We are all perfectly imperfect, and other people may notice that from time to time. We may even notice it in each other.
Somehow accepting that is a huge weight off my mind.
Interesting article, you covered a lot of different perspectives.
Knowing that the person who is criticising you is much harder on themselves than they are EVER going to be on you, I always love to try and put myself in their shoes and feel how painful it is to be them. The criticism, that I copping then seems pale in comparison.
And criticism is always someone’s perspective, coloured by their issues, so they are really talking more to themselves than they are to you.

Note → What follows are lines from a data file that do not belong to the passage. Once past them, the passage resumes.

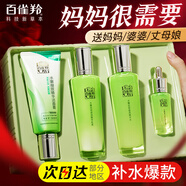百雀羚（PECHOIN）套裝女 水嫩倍現(xiàn)臻美補(bǔ)水保濕舒緩修護(hù)精華水乳液面霜護(hù)膚品禮盒 【臻美禮盒】舒緩修護(hù)4件套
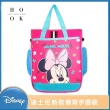 【Disney 迪士尼】迪士尼側背手提袋(斜背袋 才藝袋 側背袋 手提袋 補習袋 米奇 冰雪奇緣 維尼)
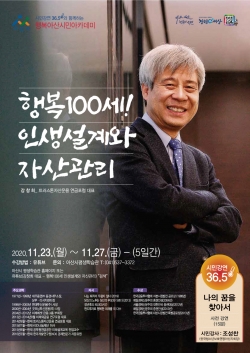 행복아산시민아카데미(강창희) 전단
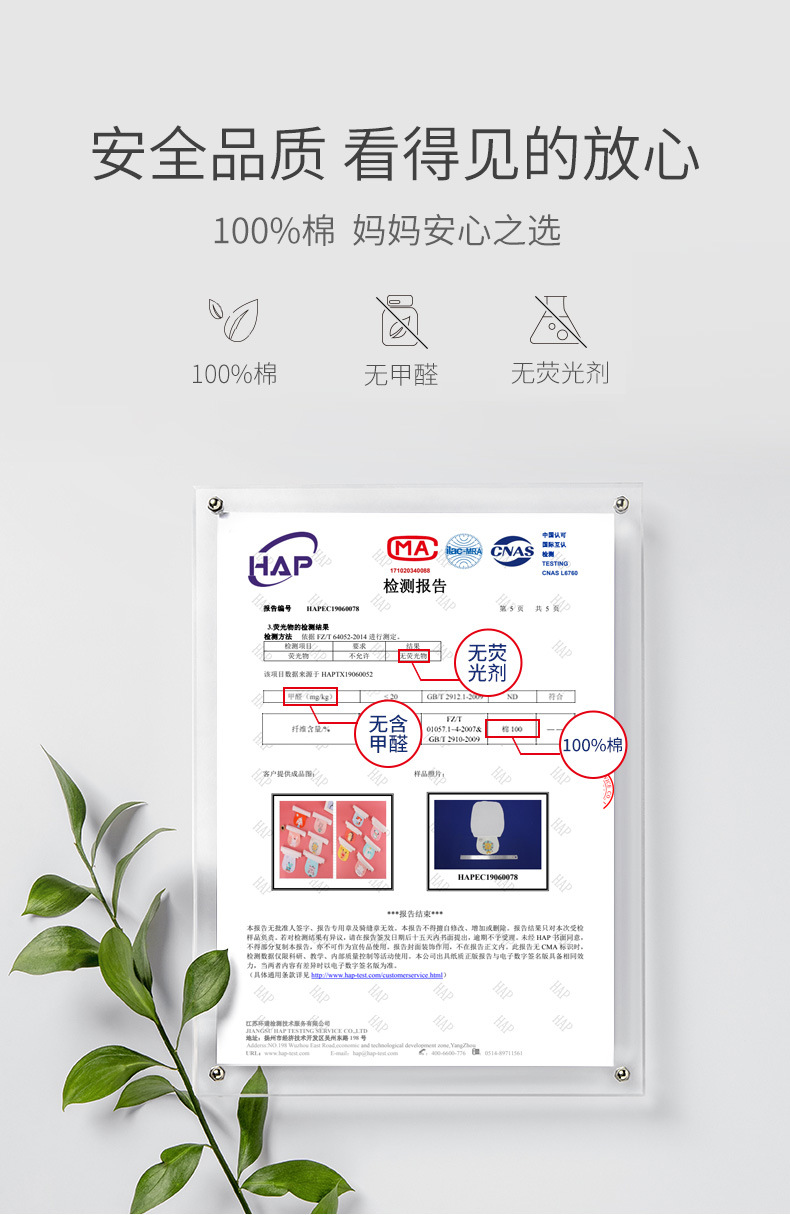 详情图片_04.jpg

Saying all that, its good to get a fresh perspective on yourself occasionally and we should always be grateful to get another viewpoint to look at ourselves from. The more viewpoints we have, the more we can see. It can only benefit us.
Thanks for this article.
Here’s a critique for the author of this article. You really need to read over your writing again and edit it or get someone else to read it over and do so before publishing your article. Many spiritual, philosophical, and psychological articles written by many authors and published online have really annoying writing mistakes that make the reading processes of very relevant and interesting insights extremely unenjoyable. It’s really frustrating trying to interpret wrongly written sentences and grammar mistakes especially when the information otherwise is very useful. It also makes the author come off not really knowing what they are talking about when they incorrectly write sentences.